Write out every entry exactly; the pictures do not belong in the copy.

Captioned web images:
──────
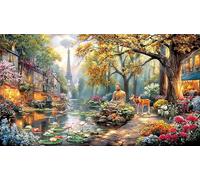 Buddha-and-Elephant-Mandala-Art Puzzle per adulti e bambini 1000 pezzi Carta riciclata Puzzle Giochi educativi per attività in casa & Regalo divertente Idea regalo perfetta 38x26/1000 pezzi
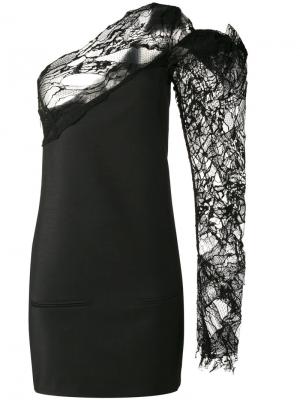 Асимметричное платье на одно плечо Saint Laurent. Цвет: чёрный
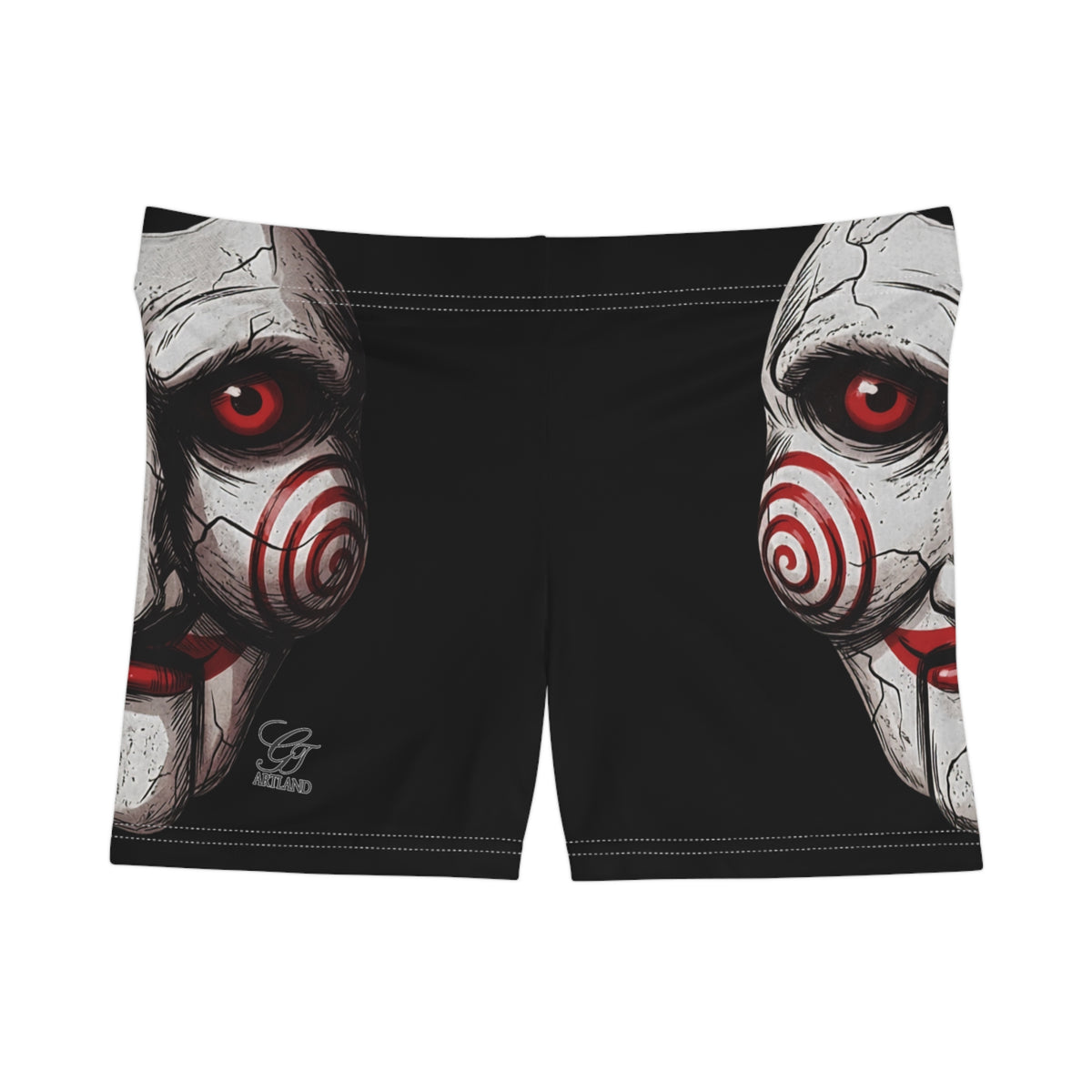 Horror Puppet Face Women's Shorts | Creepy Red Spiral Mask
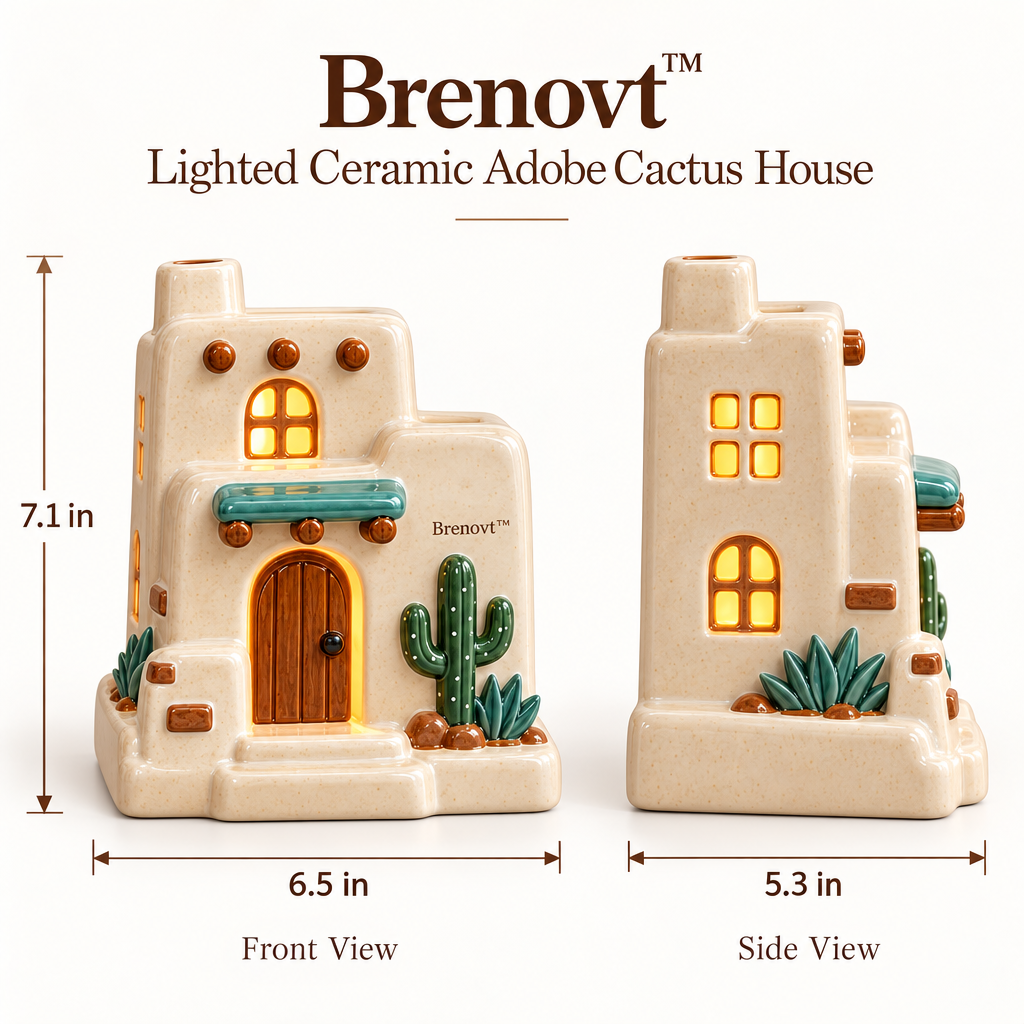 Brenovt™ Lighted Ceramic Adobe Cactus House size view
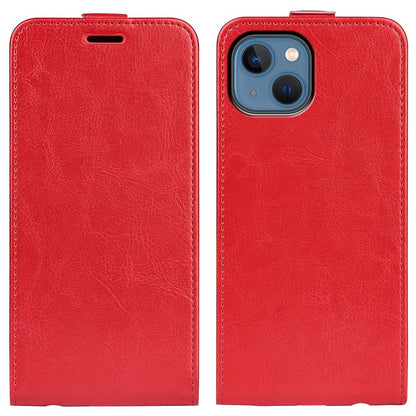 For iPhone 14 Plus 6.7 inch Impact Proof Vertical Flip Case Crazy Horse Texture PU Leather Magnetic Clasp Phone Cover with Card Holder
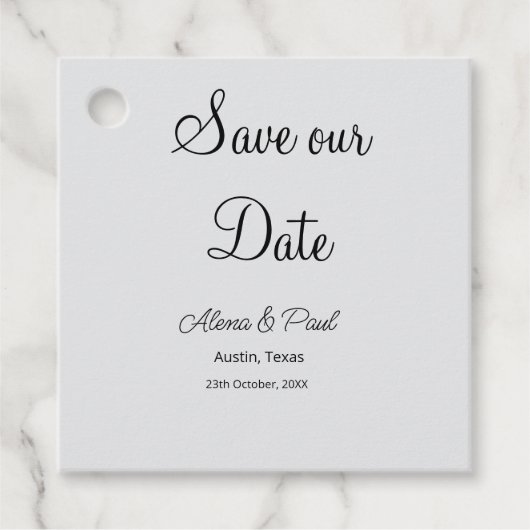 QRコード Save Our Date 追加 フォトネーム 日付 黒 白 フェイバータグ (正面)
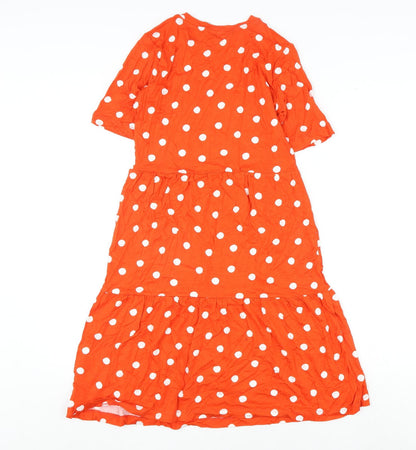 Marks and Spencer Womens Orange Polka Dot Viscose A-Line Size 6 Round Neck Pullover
──────
#### [EXERCISE ANSWER]
 Buddha-and-Elephant-Mandala-Art Puzzle per adulti e bambini 1000 pezzi Carta riciclata Puzzle Giochi educativi per attività in casa & Regalo divertente Idea regalo perfetta 38x26/1000 pezzi
 Асимметричное платье на одно плечо Saint Laurent. Цвет: чёрный
 Horror Puppet Face Women's Shorts | Creepy Red Spiral Mask
 Brenovt™ Lighted Ceramic Adobe Cactus House size view
 For iPhone 14 Plus 6.7 inch Impact Proof Vertical Flip Case Crazy Horse Texture PU Leather Magnetic Clasp Phone Cover with Card Holder
 QRコード Save Our Date 追加 フォトネーム 日付 黒 白 フェイバータグ (正面)
 Marks and Spencer Womens Orange Polka Dot Viscose A-Line Size 6 Round Neck Pullover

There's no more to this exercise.